How Resistance Can Take Hold, Make Change

BY NATHAN RILEY | Several million marchers have already vented their revulsion and damned Donald Trump, revealing an enthusiasm for resistance that could sustain a left backlash, while Trumpites are accusing the protesters of dividing the nation.

Beneath the bluster of administration officials, however, they are worried. His chief of staff, Reince Priebus, warned that it is an existential threat to “delegitimize this president,” while his press secretary denied that the crowd of Women’s Marchers was larger than the audience for the new president’s inauguration. Sean Spicer’s facts were false and immediately attacked by the media, though that’s a dynamic favored by this administration – make journalists debunk, and then use the debunking to prove the media is hostile and cannot be trusted.

The scary thought persists: it isn’t obvious that truth will win this argument.
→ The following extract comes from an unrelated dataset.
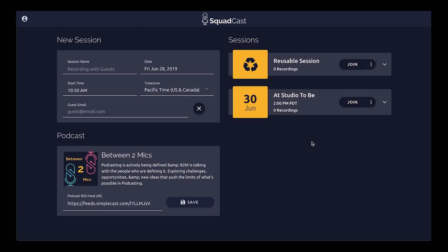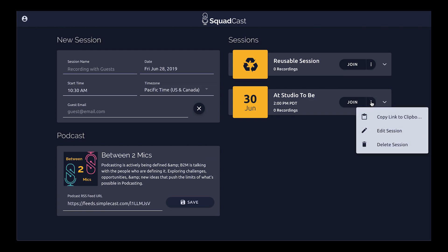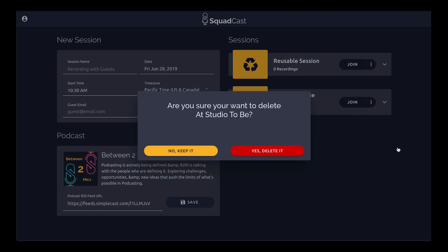We have our list of sessions here and we want to keep things neat. To delete this session, we can click on the menu icon and then select 'Delete Session.' A dialog will open asking us if we're sure we'd like to delete that Studio 2B session.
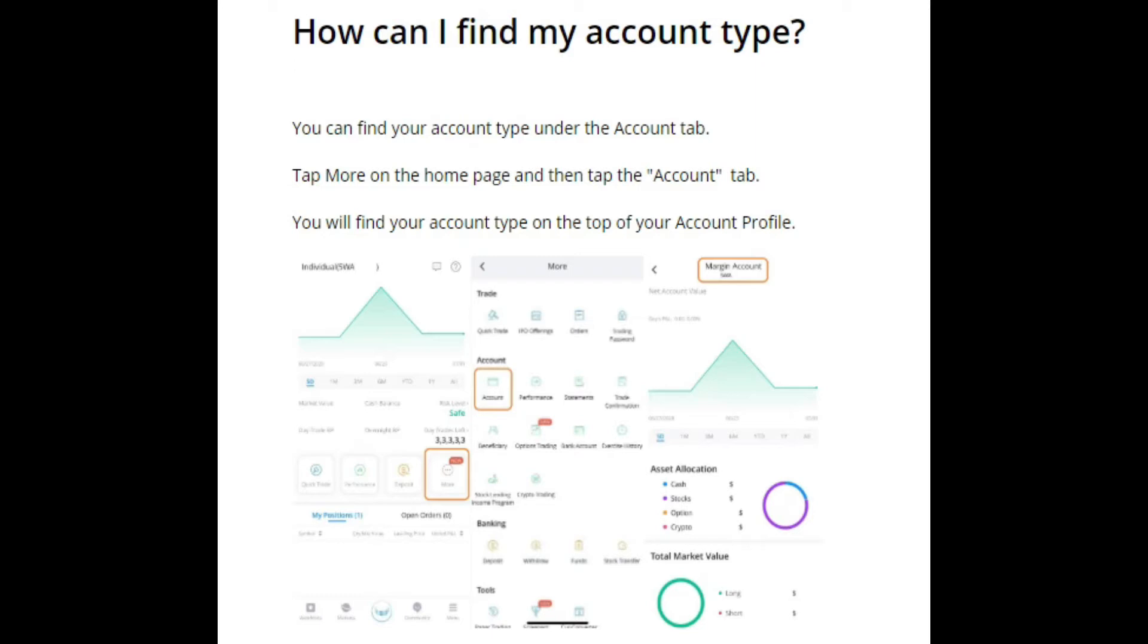But before we get started guys, if you're new here, this is a channel dedicated to everything Webull, tutorials, tips and tricks on how to help you become a better investor using the Webull platform. So definitely go ahead and smash that like button and the notification bell.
In the aftermath of the Women’s Marches worldwide, the activists from Adbusters, whose postings helped sparked the 2011 Occupy Wall Street protests, issued this caution. Micah White called it an “enduring myth” that “if you can get enough people into the streets from diverse demographics, largely unified behind a clear message, then our representatives will be forced to heed the crowd’s wishes.”
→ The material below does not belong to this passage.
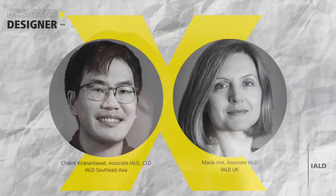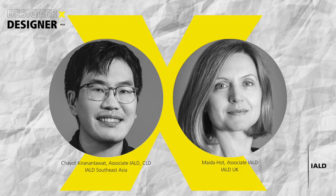Today's interview is being broadcast on Zoom and is being recorded and will be available later to view on YouTube. Chayot and Maida will be happy to answer questions at the end of the interview. So if you are watching with us on Zoom, please use the Q&A option throughout the interview. Now, it is my pleasure to introduce Chayot Kiranatawat and Maida Hort for the ninth interview of the IALD Designer by Designer.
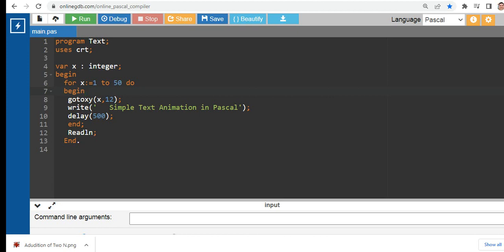So we have here: program text, uses crt. This library file will allow us to perform animation later on in our program.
The last time a Republican was in the White House, demonstrations didn’t work. While George W. Bush slammed the Dixie Chicks, a Southern country group, for opposing the military build-up in the Middle East, Mayor Michael Bloomberg did his part by denying anti-war groups permission to march. The NYPD authorized a gathering at the UN but professed it would be a security risk if they paraded. The crowd was larger than could fit into UN Plaza so it extended west as far as Third Avenue. Mounted cops forced the crowd off the avenue onto the sidewalk with the help of nightsticks and pepper spray. Monster protests rocked London and Rome the same day. The world demonstrated on February 15, 2003, and on March 20, the US invaded Iraq. The protests were more a ripple than a tide, and Bush was reelected the following year.
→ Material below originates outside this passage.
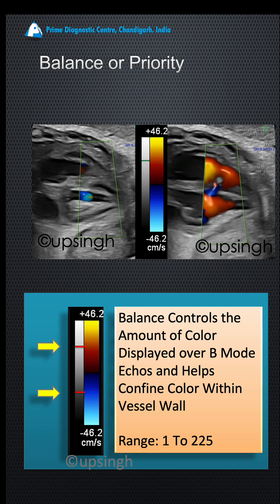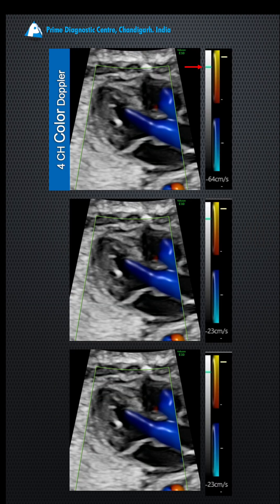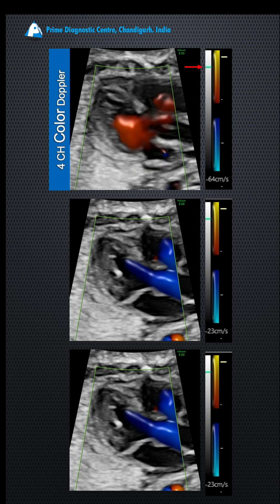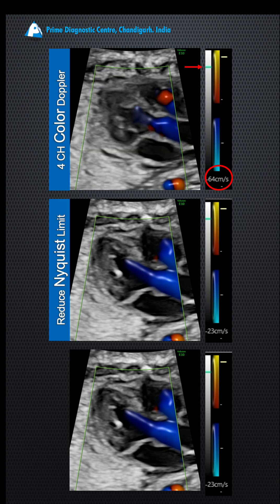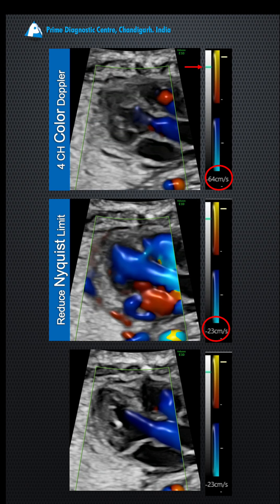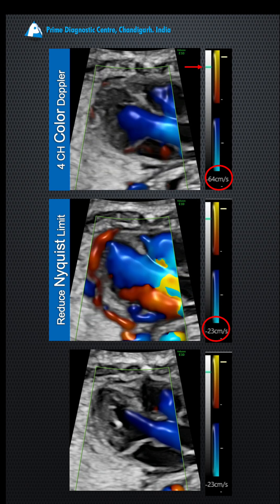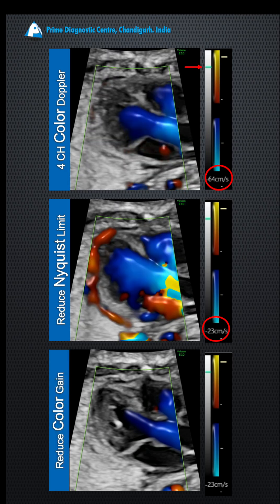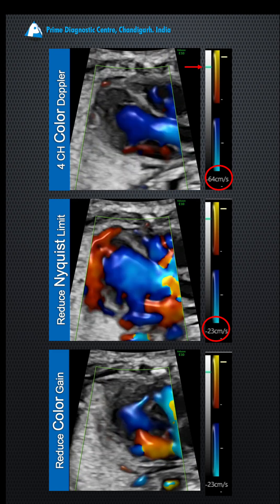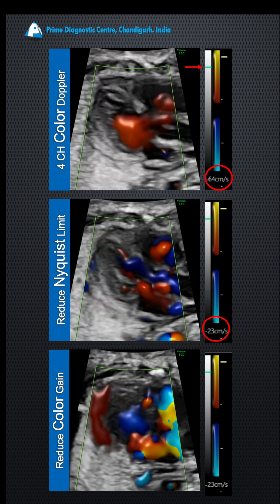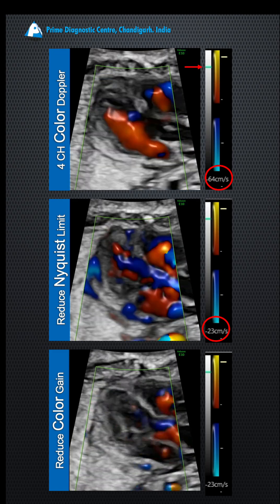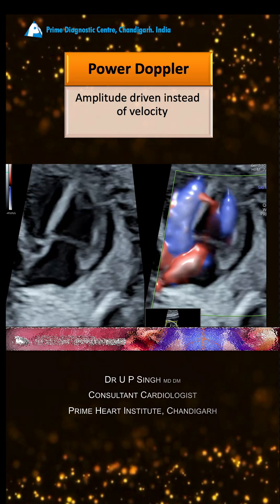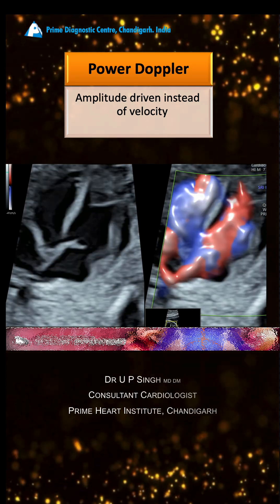Then the color flow will shine out of that VSD. The next step: since VSD is a low-flow phenomenon, you won't see it on a high velocity scale. Reduce the scale or Nyquist limit to a level where there is bleeding of color all across the area and things aren't clear — then rectify this by reducing the gain. Reduce the gain and reduce the Nyquist limit to get a good VSD flow.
This year’s Inauguration offered a preview of life under Trump and his new “law and order” crowd. Masked protestors, who broke windows and set fire to limousines, face felony riot charges with harsh 10-year maximum sentences. A crackdown on protests started on the very first day of the new administration.

But the angry demonstrations that erupted within hours after the president banned immigrants have upped the ante, and offered hope that resistance will take hold. Perhaps Democrats and progressive will create a tea party of their own in reaction to Trump’s nasty indifference to human suffering. The politics are just starting to be felt, but it is crucial that organizers go into congressional district after congressional district to foment the opposition. Trump rules by a narrow margin: had Pennsylvania and Florida gone Democratic, the Donald would have lost, but Hillary Clinton’s victory would have been marred by Republican control of Congress in any event.

Beginning in 2009, the Tea Party forced Republicans to rigidly oppose Obama; now the early evidence is that popular anger is feeding a spirit of resistance among Democrats. The rapidity of the change is breathtaking.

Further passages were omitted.